INSTRUCTIONS TO FOLLOW
The entire listing, reproduced exactly and stripped of images, is the expected output.

RECORDS
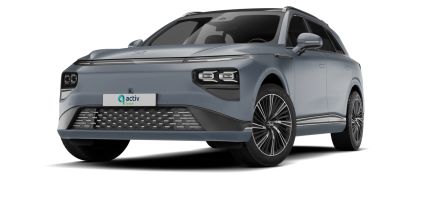 Xpeng G9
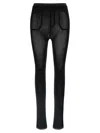 Issey Miyake Seen Unseen Ap Leggings In Multi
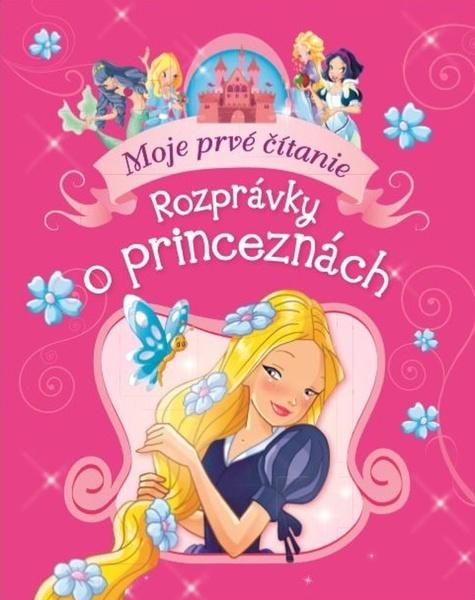 Levně Rozprávky o princeznách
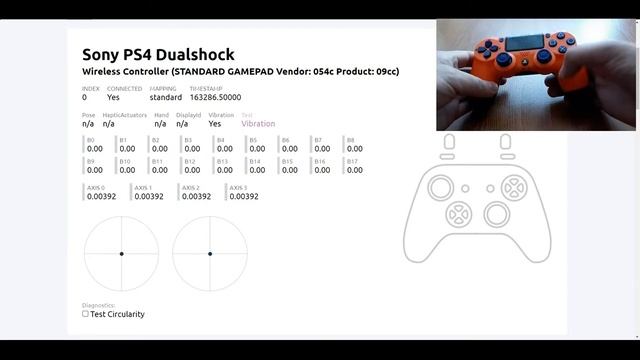 Проверка оранжевого геймпада для объявления на авито смотреть онлайн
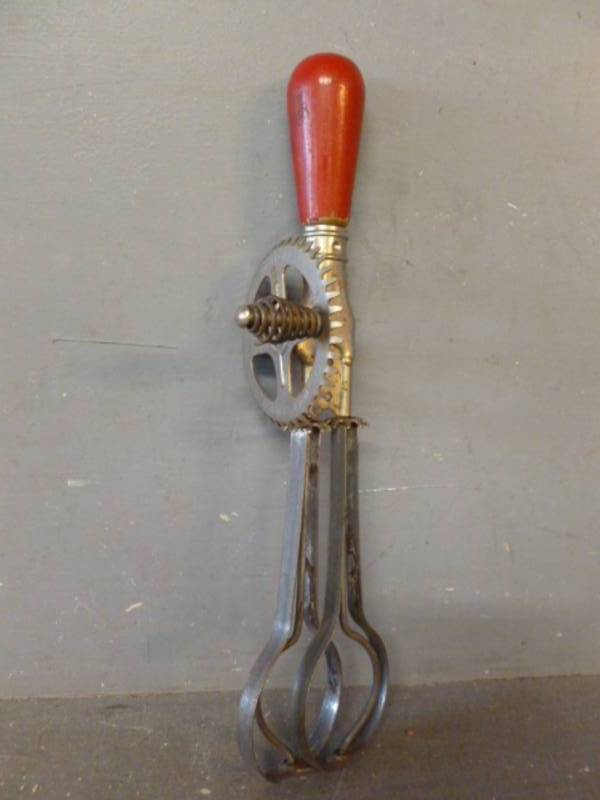 Antique Egg Beater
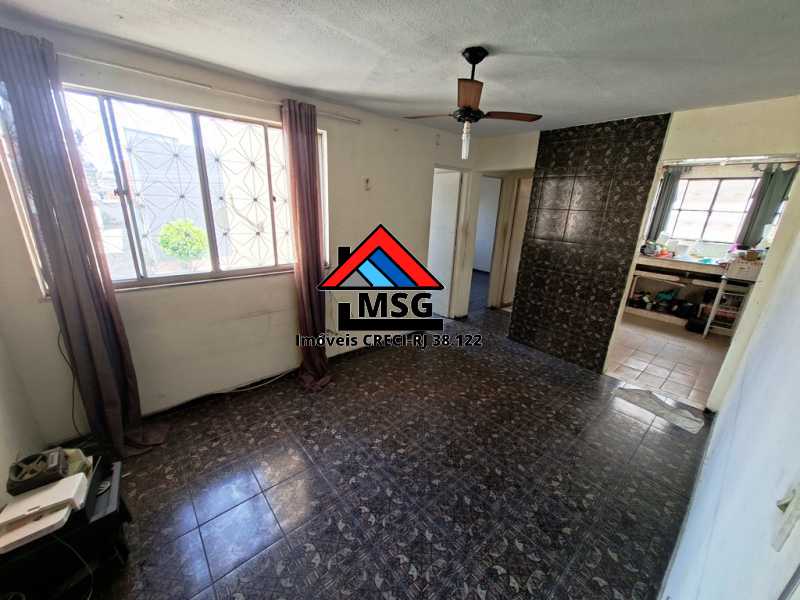 Apartamento, 2 quartos, 50 m² - Foto 1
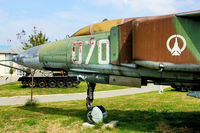 070 - Exhibited at Military Museum in Sofia - by Terry Fletcher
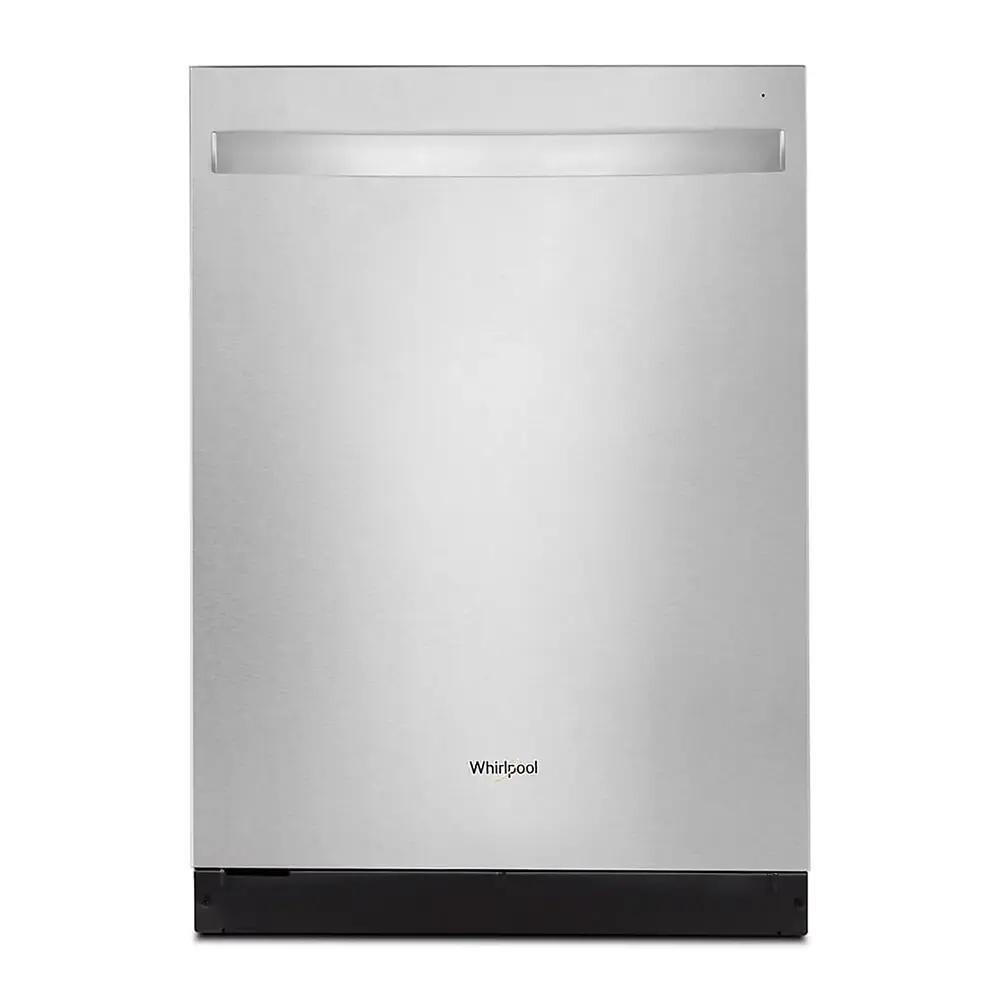 WHIRLPOOL LAVAPLATOS DE 14 SERVICIOS INOX.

WRITTEN REPLY
 Xpeng G9
 Issey Miyake Seen Unseen Ap Leggings In Multi
 Levně Rozprávky o princeznách
 Проверка оранжевого геймпада для объявления на авито смотреть онлайн
 Antique Egg Beater
 Apartamento, 2 quartos, 50 m² - Foto 1
 070 - Exhibited at Military Museum in Sofia - by Terry Fletcher
 WHIRLPOOL LAVAPLATOS DE 14 SERVICIOS INOX.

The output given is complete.